Irksal Teori: Aryan Irkı
Diğer ismi, Üstün ırk. Saf ırk düşüncesini ileri sürer. Bu
ırkın kökeni, milattan önce yaşadığına inanılan, kayıp kıta Atlantis’in en üst
ırkı olduğu iddia edilir. Naziler, İskandinavlara ait bu ırkın varisçileri
olarak bu ırkı geliştirip koruma görevini kendilerine vermişlerdi. Diğer tüm
insanlar ve ırklardan daha saf ve üstün kabul edilen bu ırkın düşmanı olarak
Yahudiler gösterildi. ‘’Nasyonal sosyalist ideolojiye göre, dünyada
kapitalizme ait olan tüm kuruluşlar ve sistemler Yahudiler tarafından kurulup
yönetilmekteydi ve Yahudiler diğer tüm uluslar için, özellikle de ari ırk için,
bir parazit görevini görmekteydi. Nasyonal sosyalistlere göre Yahudiler çeşitli
ekonomik nedenlerin yanında ırksal olarak da Alman ırkının saflığını bozmakta
ve Almanlara kendi benliklerini kaybettirmekteydi.’’
Benlik ve saflıklarını korumak için yani melezleşmeyi önlemek
için Almanların Yahudiler ve diğer ırklardan olan kimselerle evlenmesi
yasaklandı. Nasyonal sosyalizme göre, ari ırktan olan kimseler geniş omuzlu,
uzun boylu, mavi gözlü, zeki, çalışkan ve IQ seviyesi yüksektir. Bu yüzden engelli
veya bu özelliklere aykırı doğan bebekler saf Alman kabul edilmemektedir.

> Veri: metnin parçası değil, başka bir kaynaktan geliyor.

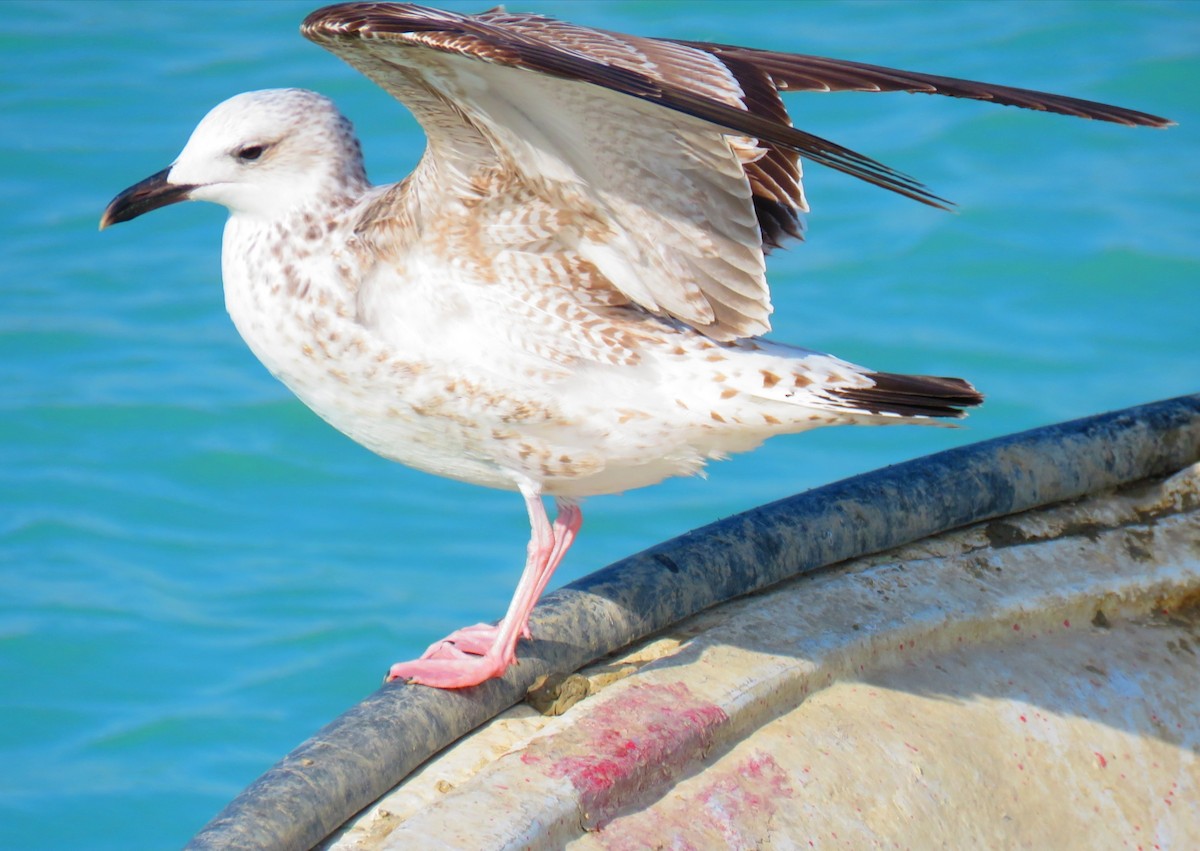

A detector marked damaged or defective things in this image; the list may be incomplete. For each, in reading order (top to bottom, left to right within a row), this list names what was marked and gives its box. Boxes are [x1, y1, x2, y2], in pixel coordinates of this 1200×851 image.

corroded metal surface [328, 466, 1200, 851]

Parlamenter Sistemden Despot Particiliğe
Nasyonal sosyalizm, parlamenter sistemle birlikte
liberalizmi, komünizmi, ve sosyal demokrasiyi net bir şekilde reddeder.
İdeolojinin siyasi öncüsü Hitler’e göre kesin kararlar verip yürürlüğe sokmak
için parlamentodaki yüzlerce kişiye sorulup oylama yapılması kesinlikle
gereksiz ve yanlıştır. Bunun yerine yönetimde bulunan milliyetçi bir partinin
yani Nasyonal Sosyalist Alman İşçi Partisi’nin karar ve idare merkezi olması
gerekir. Halkı, bir parlamentodaki seçilmiş çoğunluğun temsil edemeyeceği, buna
zaman ve imkân ayrılmasının sadece bir yükten ibaret olacağı kabul edilir. Halk,
halkı en iyi anlayan milliyetçi bir parti tarafından idare edilmelidir. Bunun
da mümkün olması, Nasyonal sosyalist partiye sınırsız idare hakkının verilmesine
bağlıdır. Bu düşüncelerin temelini, I. Dünya Savaşı’nı kaybettiren siyasi
sebepler oluşturur. Hitler’e göre Almanlar, savaşı cephede değil, diplomaside
kaybetti. Çünkü halk içeriden bölündü ve savaş karşıtı olan Yahudilerle
birlikte liberaller yüzünden Almanlar birlikteliklerini kaybetti. Bunların
neticesinde de savaş kaybedildi.
Devlet mi Irk mı?
Nazizm’in Faşizm’den ayrıldığı temel noktalardan biri Faşizm,
devleti ama olarak görürken, Nazizm için araç olarak görmektedir. Asıl olan
devlet değil, ırktır. Nazizm’e göre ırk, bir ulusun çekirdeğini oluşturan en
önemli unsurdur ve aynı ırka mensup insanların oluşturduğu ulusu koruma görevi
devlete aittir. Devlet, ulusa hizmet etmek için kullanılan bir araçtır. Keza
ekonominin de amacı devleti değil ulusu korumaktır.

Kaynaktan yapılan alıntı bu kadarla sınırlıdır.